When Joan Jett’s “Bad Reputation” came on the radio the other day, I pondered things. Not only is it a kick-a** song, but the message is clear: She don’t care one iota about her bad reputation.

But in the music business, if people start talking about you in “bad” ways, it’s very easy to get a Bad Reputation, and it’s next to impossible to recover from all the talk.

It’s one thing to have musical skills but I would argue that it is just as important to have people skills: the ability to get along with others, and to not be a jerk. It’s so easy in the music business to be a jerk because you think you’re “all that” because the Universe gave you some talent. Nobody likes jerks, and nobody wants to play with jerks. Other musicians just don’t wan to be around you, no matter how good you are. You’re toxic. You’re poison. You’re no good, you’re no good, you’re no good, baby you’re no good.

These people drift from band to band, never learning their lesson on the importance of people skills. They may not even be able to get solo gigs. Venue owners can sense your jerkiness, and they don’t want nothin’ to do with you either. I feel sorry for these people because if they kind of sense that their reputation is bad, they still don’t get it. They still don’t change. They make excuses: “Oh, we didn’t get along,” or “We didn’t mesh,” or “We had creative differences.” Creative differences my a**. They’re jerks. They’re on pathways to disaster, drifting in a world they don’t understand, unable to grasp what they did wrong. A good musician can not only play their parts, they also give room, believe in less is more, they hang back, give someone else the spotlight, they chip in, that sort of thing. They rehearse on their own. They’re good people as well.

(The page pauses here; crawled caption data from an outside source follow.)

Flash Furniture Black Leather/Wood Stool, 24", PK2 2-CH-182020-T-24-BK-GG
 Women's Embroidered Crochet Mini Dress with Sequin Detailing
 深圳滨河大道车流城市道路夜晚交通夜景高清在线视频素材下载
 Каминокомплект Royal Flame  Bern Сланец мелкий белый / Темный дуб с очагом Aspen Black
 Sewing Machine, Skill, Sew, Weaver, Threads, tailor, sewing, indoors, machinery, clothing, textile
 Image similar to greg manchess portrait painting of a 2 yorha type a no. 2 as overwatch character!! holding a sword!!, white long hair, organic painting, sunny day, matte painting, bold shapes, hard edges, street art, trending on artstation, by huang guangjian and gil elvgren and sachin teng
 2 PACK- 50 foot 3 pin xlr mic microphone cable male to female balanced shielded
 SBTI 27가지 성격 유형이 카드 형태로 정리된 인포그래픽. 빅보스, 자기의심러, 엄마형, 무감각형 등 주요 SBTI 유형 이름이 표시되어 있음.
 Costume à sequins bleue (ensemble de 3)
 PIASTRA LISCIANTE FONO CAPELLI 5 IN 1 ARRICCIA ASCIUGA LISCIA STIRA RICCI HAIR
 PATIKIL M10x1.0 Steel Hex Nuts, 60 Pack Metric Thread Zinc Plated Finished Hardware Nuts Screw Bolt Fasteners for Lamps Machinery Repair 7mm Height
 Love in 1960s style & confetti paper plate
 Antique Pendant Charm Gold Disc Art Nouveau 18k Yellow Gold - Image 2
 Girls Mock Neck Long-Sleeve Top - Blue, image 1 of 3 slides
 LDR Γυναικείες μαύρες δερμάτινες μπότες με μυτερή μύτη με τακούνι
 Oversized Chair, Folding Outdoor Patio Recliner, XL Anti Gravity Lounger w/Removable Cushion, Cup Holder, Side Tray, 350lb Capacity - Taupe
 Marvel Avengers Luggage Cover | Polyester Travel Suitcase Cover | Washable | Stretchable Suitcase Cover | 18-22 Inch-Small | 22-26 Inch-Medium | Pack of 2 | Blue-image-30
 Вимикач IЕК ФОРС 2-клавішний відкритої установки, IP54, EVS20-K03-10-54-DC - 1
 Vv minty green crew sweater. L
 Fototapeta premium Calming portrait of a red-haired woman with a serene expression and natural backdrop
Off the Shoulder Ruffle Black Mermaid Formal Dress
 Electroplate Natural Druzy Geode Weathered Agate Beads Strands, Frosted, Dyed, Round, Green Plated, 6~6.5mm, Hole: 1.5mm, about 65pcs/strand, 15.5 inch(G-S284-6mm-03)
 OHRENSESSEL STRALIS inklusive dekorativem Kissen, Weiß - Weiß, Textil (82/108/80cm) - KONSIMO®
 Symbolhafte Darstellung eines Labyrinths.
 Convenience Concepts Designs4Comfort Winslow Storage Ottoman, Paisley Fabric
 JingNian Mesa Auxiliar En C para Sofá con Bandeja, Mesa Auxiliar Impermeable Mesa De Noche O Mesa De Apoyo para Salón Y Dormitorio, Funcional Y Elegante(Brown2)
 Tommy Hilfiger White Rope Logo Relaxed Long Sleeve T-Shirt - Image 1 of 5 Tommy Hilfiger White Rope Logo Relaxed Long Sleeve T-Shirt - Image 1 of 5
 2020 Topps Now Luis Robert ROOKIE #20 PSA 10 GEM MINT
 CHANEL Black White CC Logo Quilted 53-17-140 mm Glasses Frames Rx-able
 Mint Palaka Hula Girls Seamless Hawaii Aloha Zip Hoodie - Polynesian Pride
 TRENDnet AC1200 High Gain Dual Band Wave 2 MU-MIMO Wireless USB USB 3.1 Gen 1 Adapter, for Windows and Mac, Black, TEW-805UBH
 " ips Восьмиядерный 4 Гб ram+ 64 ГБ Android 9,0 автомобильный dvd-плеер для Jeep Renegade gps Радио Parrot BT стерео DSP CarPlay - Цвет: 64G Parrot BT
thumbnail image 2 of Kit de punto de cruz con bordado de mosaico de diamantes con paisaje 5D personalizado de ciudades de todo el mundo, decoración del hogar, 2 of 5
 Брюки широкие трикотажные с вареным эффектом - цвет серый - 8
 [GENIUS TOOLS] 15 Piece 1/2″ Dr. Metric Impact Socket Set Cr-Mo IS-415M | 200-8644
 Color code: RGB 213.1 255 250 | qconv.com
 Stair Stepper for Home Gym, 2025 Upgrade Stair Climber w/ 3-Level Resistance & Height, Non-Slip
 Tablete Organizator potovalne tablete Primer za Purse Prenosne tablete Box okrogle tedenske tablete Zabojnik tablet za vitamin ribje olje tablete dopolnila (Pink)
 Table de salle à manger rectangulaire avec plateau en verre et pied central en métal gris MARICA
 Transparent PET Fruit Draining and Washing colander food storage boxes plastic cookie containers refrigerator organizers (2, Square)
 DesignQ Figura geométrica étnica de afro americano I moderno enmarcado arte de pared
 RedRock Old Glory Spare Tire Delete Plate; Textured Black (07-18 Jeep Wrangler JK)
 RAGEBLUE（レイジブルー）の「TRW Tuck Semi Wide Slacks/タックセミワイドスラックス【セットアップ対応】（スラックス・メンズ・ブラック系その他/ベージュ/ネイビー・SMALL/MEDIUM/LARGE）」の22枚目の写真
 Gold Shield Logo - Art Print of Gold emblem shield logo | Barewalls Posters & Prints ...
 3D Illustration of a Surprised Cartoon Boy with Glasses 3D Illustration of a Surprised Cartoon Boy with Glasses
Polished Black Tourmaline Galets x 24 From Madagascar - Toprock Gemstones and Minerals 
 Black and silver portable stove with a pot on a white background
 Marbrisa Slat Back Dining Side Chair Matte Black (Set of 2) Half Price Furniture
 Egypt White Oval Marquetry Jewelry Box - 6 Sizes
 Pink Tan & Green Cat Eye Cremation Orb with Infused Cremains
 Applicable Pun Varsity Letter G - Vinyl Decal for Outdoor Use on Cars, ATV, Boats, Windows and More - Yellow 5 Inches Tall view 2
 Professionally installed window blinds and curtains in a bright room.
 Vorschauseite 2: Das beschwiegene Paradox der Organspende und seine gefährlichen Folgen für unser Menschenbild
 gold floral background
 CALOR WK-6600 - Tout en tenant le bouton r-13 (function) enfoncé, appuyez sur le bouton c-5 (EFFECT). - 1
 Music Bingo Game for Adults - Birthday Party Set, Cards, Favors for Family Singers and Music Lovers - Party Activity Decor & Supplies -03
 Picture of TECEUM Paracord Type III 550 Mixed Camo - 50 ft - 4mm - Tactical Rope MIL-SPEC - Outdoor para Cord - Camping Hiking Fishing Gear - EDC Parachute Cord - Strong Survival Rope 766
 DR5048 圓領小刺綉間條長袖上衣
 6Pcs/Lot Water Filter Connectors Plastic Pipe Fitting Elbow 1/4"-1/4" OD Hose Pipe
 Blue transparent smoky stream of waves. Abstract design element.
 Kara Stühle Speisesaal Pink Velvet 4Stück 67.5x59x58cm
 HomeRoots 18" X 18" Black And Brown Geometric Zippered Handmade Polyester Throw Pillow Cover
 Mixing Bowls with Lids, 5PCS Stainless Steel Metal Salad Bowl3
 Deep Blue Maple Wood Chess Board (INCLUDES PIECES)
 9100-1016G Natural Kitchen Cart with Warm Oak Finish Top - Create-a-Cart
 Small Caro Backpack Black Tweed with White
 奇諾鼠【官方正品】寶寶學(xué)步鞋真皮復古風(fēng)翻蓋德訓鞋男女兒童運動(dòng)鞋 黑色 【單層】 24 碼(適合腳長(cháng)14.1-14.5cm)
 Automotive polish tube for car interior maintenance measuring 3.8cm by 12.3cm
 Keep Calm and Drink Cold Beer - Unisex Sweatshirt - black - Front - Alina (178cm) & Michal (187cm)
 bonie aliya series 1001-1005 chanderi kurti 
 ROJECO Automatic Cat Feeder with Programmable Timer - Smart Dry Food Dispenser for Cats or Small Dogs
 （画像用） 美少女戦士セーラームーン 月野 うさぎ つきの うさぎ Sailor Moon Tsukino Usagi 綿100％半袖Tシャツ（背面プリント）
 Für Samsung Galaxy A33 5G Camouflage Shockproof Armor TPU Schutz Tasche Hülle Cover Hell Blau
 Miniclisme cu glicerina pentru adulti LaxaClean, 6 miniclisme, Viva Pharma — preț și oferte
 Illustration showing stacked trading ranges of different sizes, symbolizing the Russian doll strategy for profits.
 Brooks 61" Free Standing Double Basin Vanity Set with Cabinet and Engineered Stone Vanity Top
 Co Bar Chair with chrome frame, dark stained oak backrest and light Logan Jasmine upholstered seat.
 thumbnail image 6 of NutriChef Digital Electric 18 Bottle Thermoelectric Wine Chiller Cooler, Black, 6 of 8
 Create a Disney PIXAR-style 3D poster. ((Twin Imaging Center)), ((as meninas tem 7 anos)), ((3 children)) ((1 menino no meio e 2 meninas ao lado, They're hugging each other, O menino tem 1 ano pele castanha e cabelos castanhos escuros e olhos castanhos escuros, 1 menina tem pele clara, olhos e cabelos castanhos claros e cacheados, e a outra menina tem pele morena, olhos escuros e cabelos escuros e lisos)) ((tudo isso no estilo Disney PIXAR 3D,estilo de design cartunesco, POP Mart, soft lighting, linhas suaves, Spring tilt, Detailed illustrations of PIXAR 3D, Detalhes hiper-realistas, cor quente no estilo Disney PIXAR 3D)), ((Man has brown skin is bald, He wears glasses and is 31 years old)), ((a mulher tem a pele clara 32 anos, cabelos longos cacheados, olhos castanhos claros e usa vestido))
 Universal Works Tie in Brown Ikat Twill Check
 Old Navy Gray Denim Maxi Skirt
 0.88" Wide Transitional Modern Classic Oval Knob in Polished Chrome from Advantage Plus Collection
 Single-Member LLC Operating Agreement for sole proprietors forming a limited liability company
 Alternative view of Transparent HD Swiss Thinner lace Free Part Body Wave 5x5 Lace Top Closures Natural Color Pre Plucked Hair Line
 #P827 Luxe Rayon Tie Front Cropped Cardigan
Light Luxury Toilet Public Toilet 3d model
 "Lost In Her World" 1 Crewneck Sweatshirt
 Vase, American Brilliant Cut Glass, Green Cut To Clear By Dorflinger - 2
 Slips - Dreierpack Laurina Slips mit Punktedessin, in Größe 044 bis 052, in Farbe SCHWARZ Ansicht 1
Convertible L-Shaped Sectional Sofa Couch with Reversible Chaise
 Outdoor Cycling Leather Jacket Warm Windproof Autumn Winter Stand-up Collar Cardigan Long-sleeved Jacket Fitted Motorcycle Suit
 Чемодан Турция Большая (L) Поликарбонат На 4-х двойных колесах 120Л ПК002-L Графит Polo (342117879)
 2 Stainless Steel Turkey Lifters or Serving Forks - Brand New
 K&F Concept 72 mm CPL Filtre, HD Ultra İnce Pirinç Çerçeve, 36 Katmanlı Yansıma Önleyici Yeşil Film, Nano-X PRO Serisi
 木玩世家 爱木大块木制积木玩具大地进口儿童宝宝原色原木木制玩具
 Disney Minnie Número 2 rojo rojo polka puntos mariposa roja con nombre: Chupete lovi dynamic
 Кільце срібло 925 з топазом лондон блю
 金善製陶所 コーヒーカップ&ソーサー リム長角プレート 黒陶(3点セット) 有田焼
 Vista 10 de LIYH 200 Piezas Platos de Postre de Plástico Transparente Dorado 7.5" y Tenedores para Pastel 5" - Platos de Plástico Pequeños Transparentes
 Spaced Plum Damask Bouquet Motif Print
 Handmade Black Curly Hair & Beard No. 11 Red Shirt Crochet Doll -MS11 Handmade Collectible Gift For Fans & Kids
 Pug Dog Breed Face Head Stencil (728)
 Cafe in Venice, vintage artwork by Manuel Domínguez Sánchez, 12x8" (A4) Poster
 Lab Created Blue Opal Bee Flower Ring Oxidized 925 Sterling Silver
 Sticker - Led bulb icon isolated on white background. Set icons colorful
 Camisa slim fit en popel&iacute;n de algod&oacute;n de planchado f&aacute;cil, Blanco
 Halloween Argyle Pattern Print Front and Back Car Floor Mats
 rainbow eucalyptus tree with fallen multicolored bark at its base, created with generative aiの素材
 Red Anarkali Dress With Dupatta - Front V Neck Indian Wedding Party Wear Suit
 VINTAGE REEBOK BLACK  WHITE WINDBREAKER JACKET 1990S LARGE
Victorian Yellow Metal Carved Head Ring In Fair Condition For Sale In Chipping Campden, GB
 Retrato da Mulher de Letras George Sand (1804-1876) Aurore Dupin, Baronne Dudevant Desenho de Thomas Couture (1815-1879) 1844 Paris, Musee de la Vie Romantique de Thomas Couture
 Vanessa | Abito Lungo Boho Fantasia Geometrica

Some sure-fire ways to get a bad rep:

If you don’t show up for a gig and don’t tell the venue owner you can’t make it – Bad Rep

If you never help loading in and loading out due to your so-called back problems – Bad Rep

If you constantly show up late to gigs – Bad Rep

If you act like a diva – Bad Rep

If you overplay and step on other musicians – Bad Rep

If you solo through eight of the chord progressions and everybody already agreed it would be once through – Bad Rep

If you’re a jerk – Bad Rep

And so it goes. I do like that Joan Jett song though.